> **Exercise directions**:
From the first line to the last, return the data exactly, with no pictures.

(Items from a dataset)
=== Begin Enclosure ===
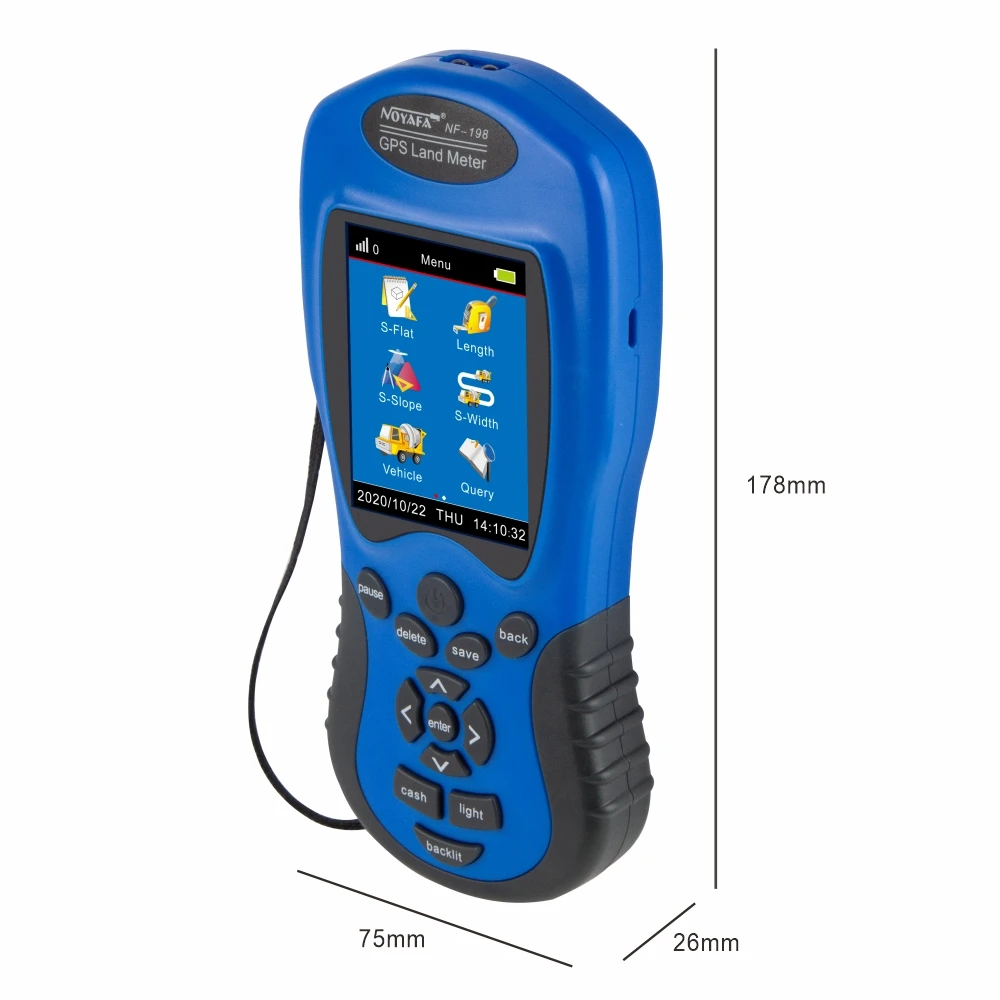 Noyafa NF 198 GPS съемочного оборудования для Land метр тестер измерительный инструмент|gps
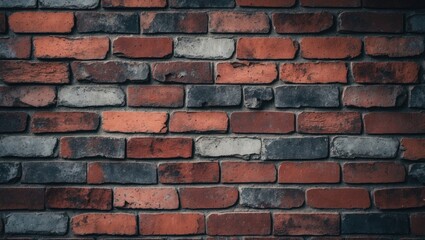 Obraz premium Appealing vintage-style brick wall texture or background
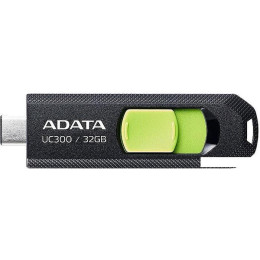 USB Flash ADATA UC300 32GB (черный/зеленый)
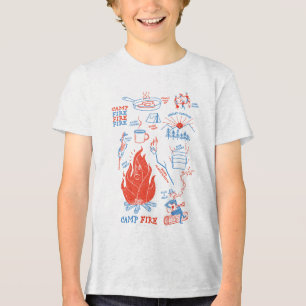 Camiseta Triblenda Aventura Retro de Fogata – Actividades Divertidas
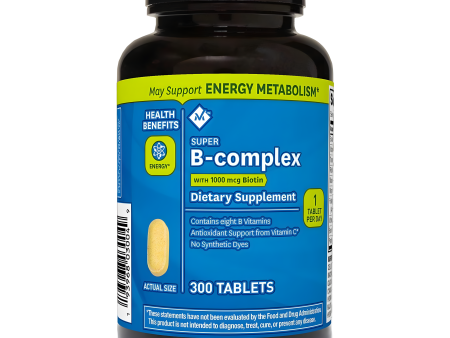 Super B-complex con Biotin 300 tabletas Member s Mark Discount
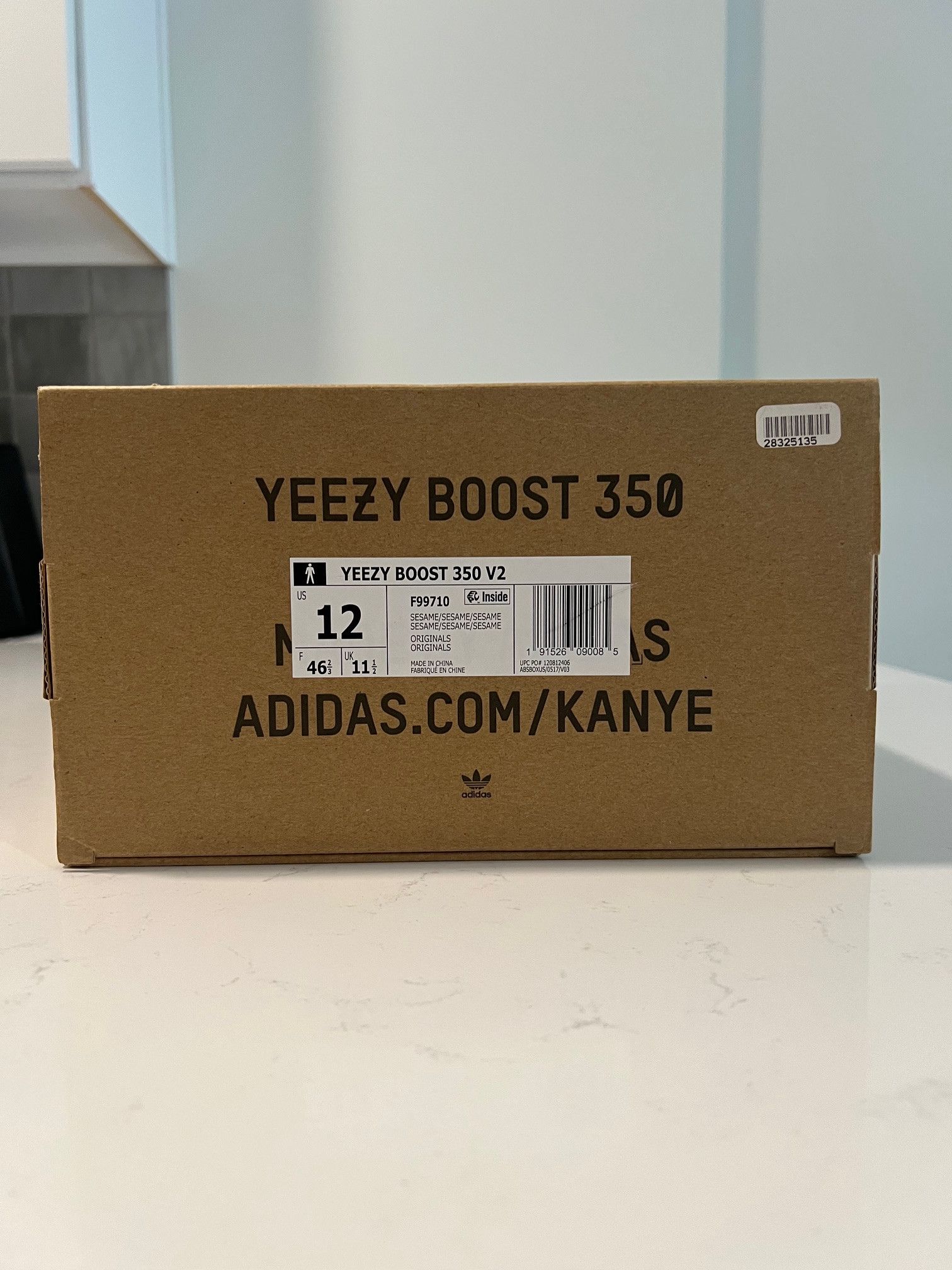 Adidas × Kanye West Yeezy Boost 350 V2 - Sesame Size US 12 / EU 45 - 8 Thumbnail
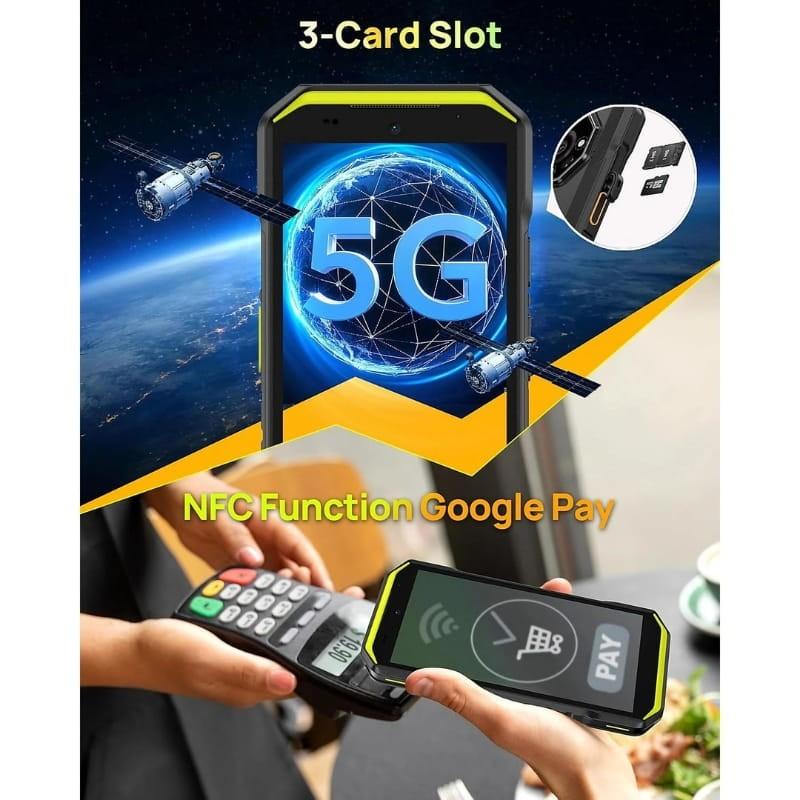 Ulefone Armor X32 Pro 5G 8GB/256GB Naranja Rugged - conectividad 5G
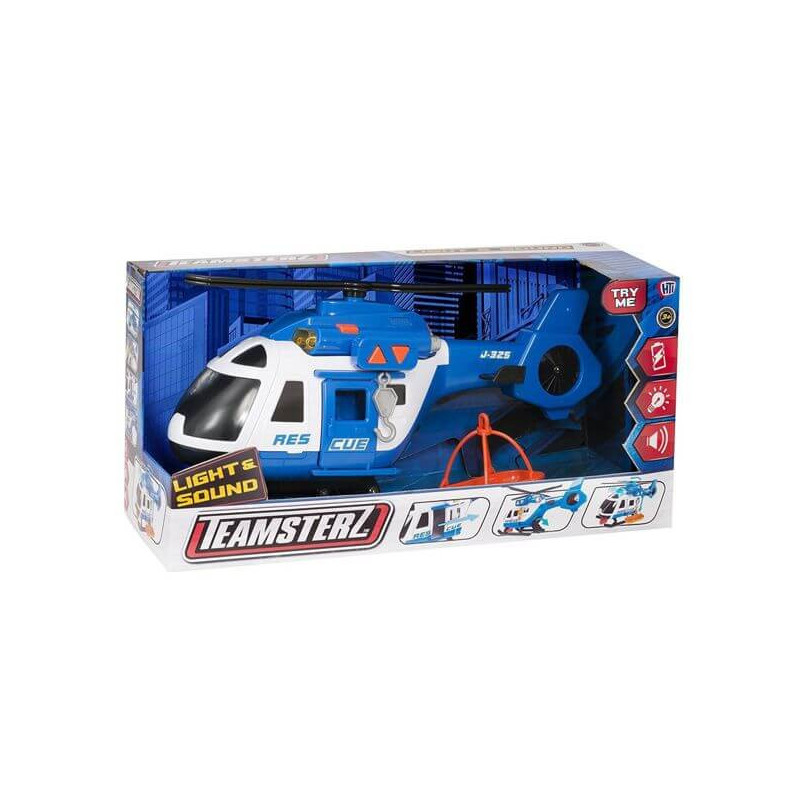 Imagen helicoptero rescate 42cm con luz y sonidos teamste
=== End Enclosure ===
> **Exercise response**:
 Noyafa NF 198 GPS съемочного оборудования для Land метр тестер измерительный инструмент|gps
 Obraz premium Appealing vintage-style brick wall texture or background
 USB Flash ADATA UC300 32GB (черный/зеленый)
 Camiseta Triblenda Aventura Retro de Fogata – Actividades Divertidas
 Super B-complex con Biotin 300 tabletas Member s Mark Discount
 Adidas × Kanye West Yeezy Boost 350 V2 - Sesame Size US 12 / EU 45 - 8 Thumbnail
 Ulefone Armor X32 Pro 5G 8GB/256GB Naranja Rugged - conectividad 5G
 Imagen helicoptero rescate 42cm con luz y sonidos teamste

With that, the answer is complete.